Saturday, June 5, 2010
The Vox Super Beatle
A friend of mine was discussing, the one that got away, with me last week, and his was a Vox Super Beatle.
The head was 100 watts of tube power through one channel. The controls were very simple, volume, treble, bass, on/off, and standby. There was also a rotary switch for different European electric standards.
It was a very nice, very loud amplifier, but rather plain. My thoughts are this amp was suited for large halls or stadiums back in the day when you could not hear the band over all the screaming. Many players and/or sound people did not use reverb since the large arenas were so cavernous and subject to echo. This was also during the pre-distortion era.

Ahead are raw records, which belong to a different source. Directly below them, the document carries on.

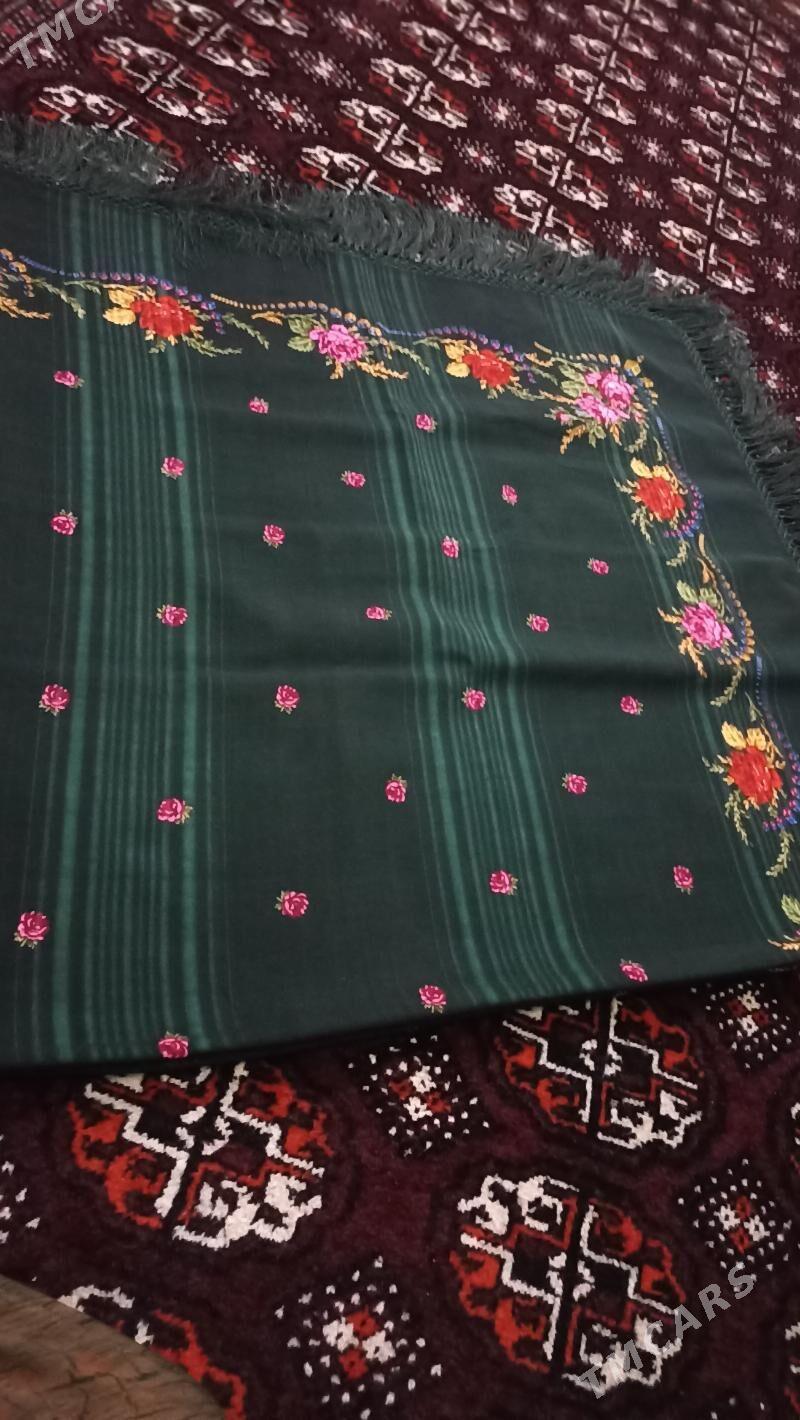 çargatlar - Balkanabat - img 6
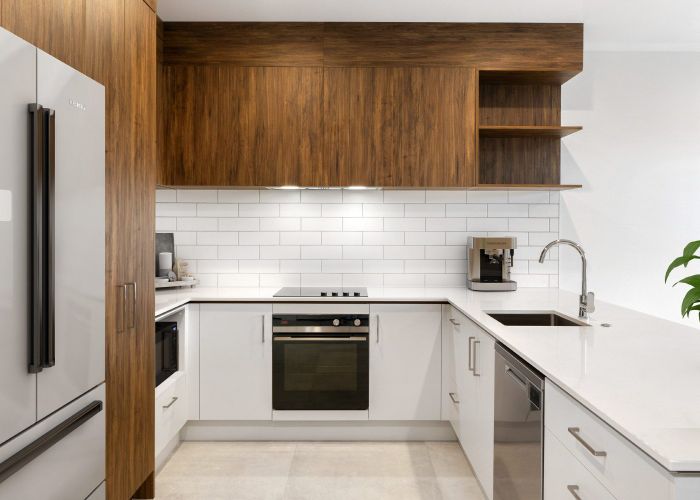  at 79 Harewood Street, Whenuapai, Waitakere City, Auckland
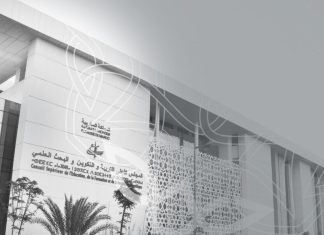 Enseignement. Le Conseil Supérieur de l’Éducation tranchera lundi sur les textes soumis par Akhannouch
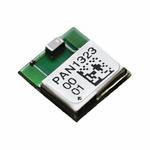 ENW-89842A2JF by panasonic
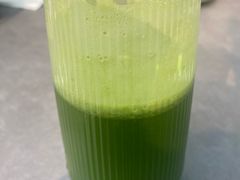 -THE WOODS 简餐 (国贸商城店)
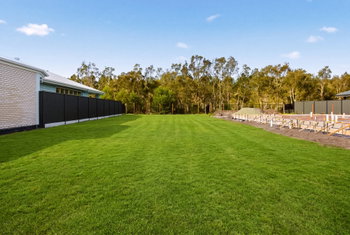 Image 5 for 335 Freshwater Drive, Banksia Beach  QLD  4507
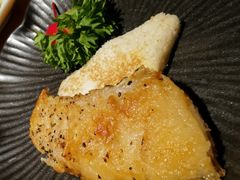 -味见·荣家(亚泰大街店)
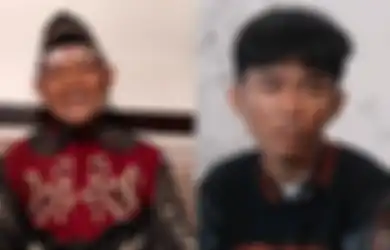 Bantah Tiko Bukan Anak Kandung, Kerabat Ibu Eny Ungkap Kisah Pernikahan Herman Moedji Susanto, Sebut Ada Cekcok Sebelum Tinggalkan Rumah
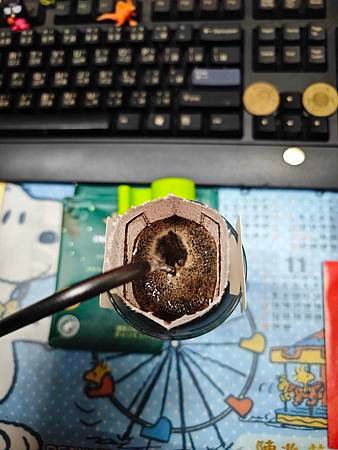 不管是上班繁忙時或下班的Me time 【inLove Ca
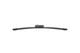 Стеклоочиститель MG MG GS / AUDI Q5 (8RB) / SEAT LEON (5F1) 2004-2022 г. - изображение 1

The initial model featured most of the bells and whistles we would expect on an amplifier of this era such as reverb and tremolo. It also included a distortion effect, based on the popular Vox fuzztone.
The next version included everything except the distortion effect. The third incarnation had it all; reverb, tremolo, distortion, a percussion effect and a "G" tuner that utilized an oscillator to produce a "G" note.

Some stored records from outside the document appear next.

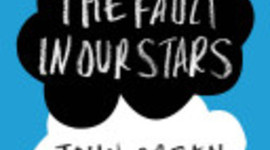 Timeline: The Fault in Our Stars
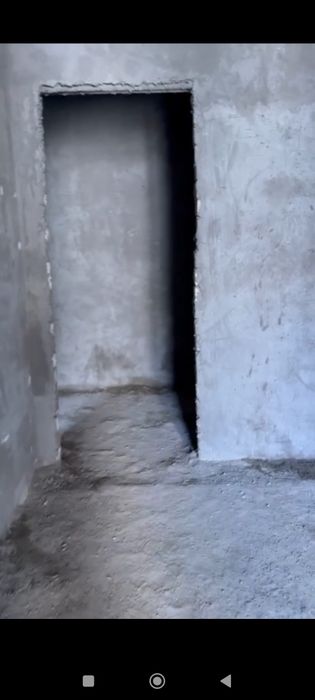 Квартира сотилади тошкент сергили мошина бозор олдида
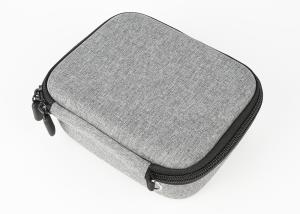 China EVA Thermometer Storage Case wholesale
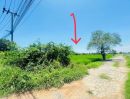  - ม่วง) ขายที่ดินผังสีม่วงเข้ม เส้นบางนา กม.35 เข้าซอยถนนเส้น 5004 พิมพาวาส บางบ่อ สมุทรปรากา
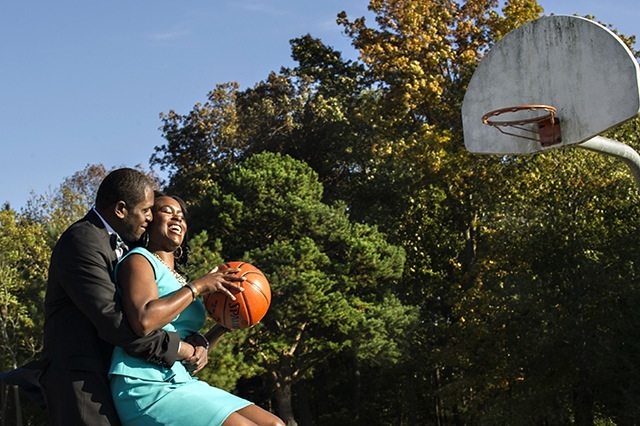 alabama-engagement-session-neville-simpson-photography-timetra-percy-3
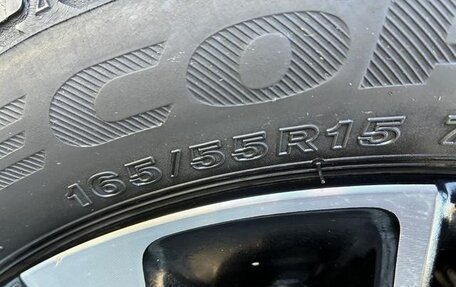 Daihatsu Tanto IV, 2022 год, 681 300 рублей, 37 фотография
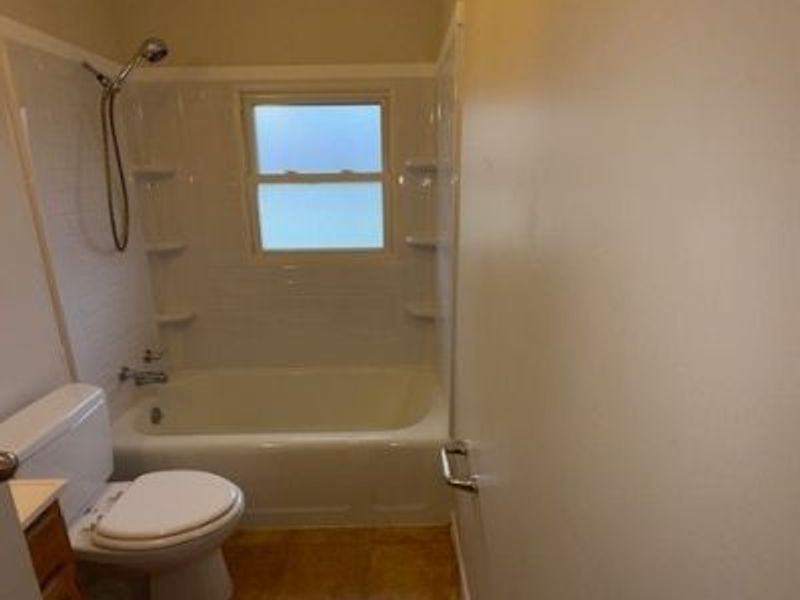 334 W Park Boulevard, Medina, OH 44256 Photo 21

The third model was manufactured using FET's or Field Effect Transistors which were popular at the time. This entire series of The Super Beatle featured a trapezoidal shaped head with a rectangular large speaker cabinet. It came with a chrome trolley manufactured to hold the head at the top, while the cabinet was held in place by large bolts on either side. The head of each bolt was a very large chrome knob that could be twisted to hold the cabinet at different angles. The whole thing was on wheels. The grill cloth was the typical Vox design.

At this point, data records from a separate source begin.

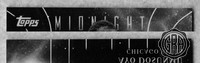 Front Edges (Top/Bottom)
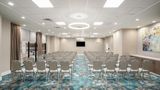 Hilton Garden Inn Las Vegas City Ctr Meeting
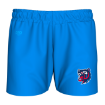 Picture of Women's Custom Short-GRIZZLIES LACROSSE STORE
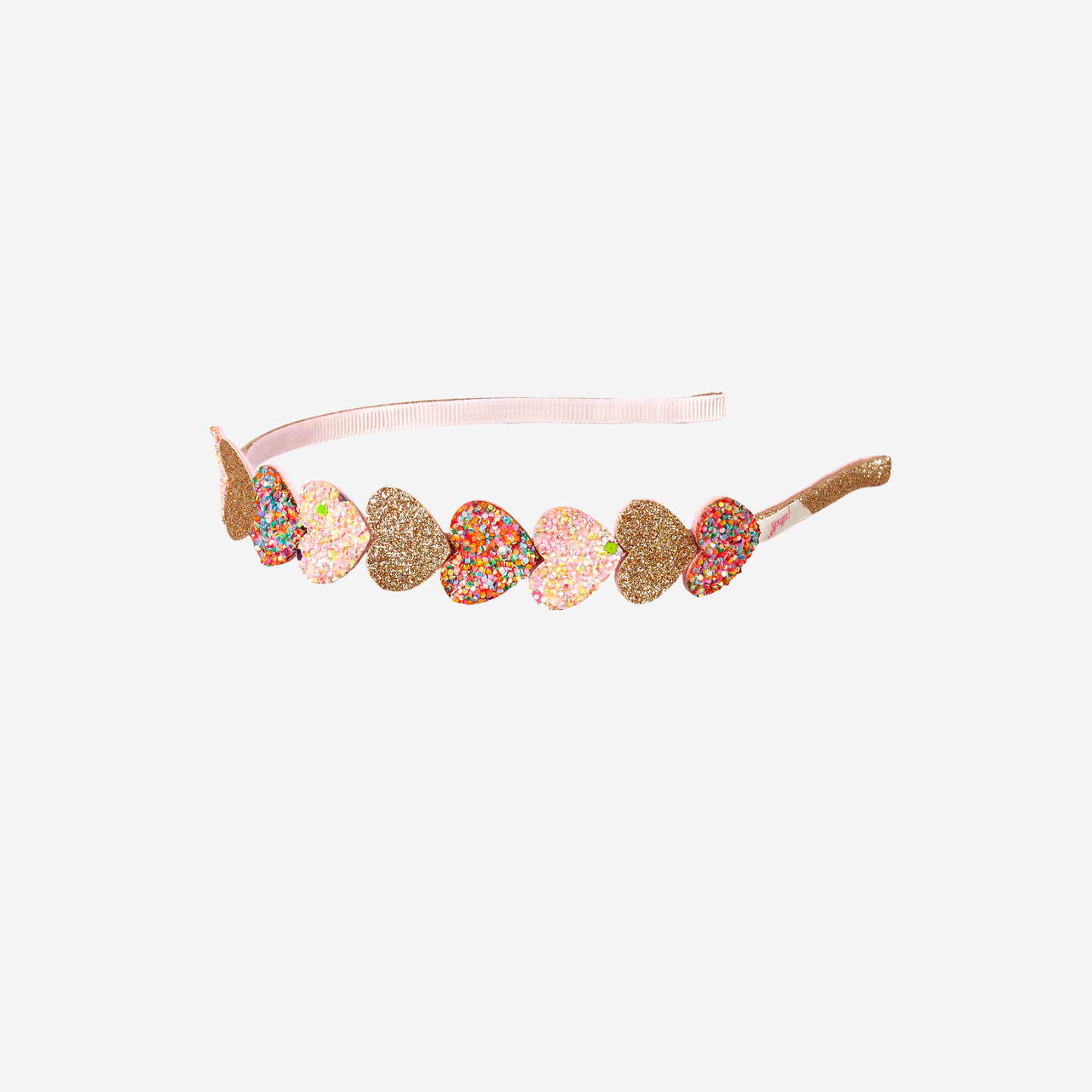 TIARA HETTY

Each of these amps came with three channels. Each channel had differing features.
This was before the days of channel switching. Channel 1 had reverb, tremolo, and fuzz.
Channel two had reverb, tremolo and a unique feature known as the Mid-Range-Boost or MRB which sort of acted as a wah-wah emphasizing the mid-range frequencies.
On the amps backside was the percussion effect and controls for the effects. Musicians that used these amps often turned the heads backwards, so they could easily get to the controls.
The Beatles played through The Super Beatle amplifier during their last few US concerts in 1966.
There is no evidence to show they endorsed the amplifier of use it for recording. The Super Beatle was solely a USA made amplifier geared to USA players.
It should be noted The Who used these amps for the 1967 US tour. Although when the Who played Cincinnati that year, the used rented Fender Dual Showman amps at that concert.
There were other amplifiers in the series that had less power; The Viscount, The Royal Guardsman, and The Beatle all had the same control panel layout and effects features. These went from 30 watts to the 100 watt Super Beatle.
My friend is involved with a local band that runs through Vox Berkley amps.
He tells me these amps are prone to problems and spend a lot of time in the shop. However they are excellent sounding amplifiers; loud and clean that have a great retro-look.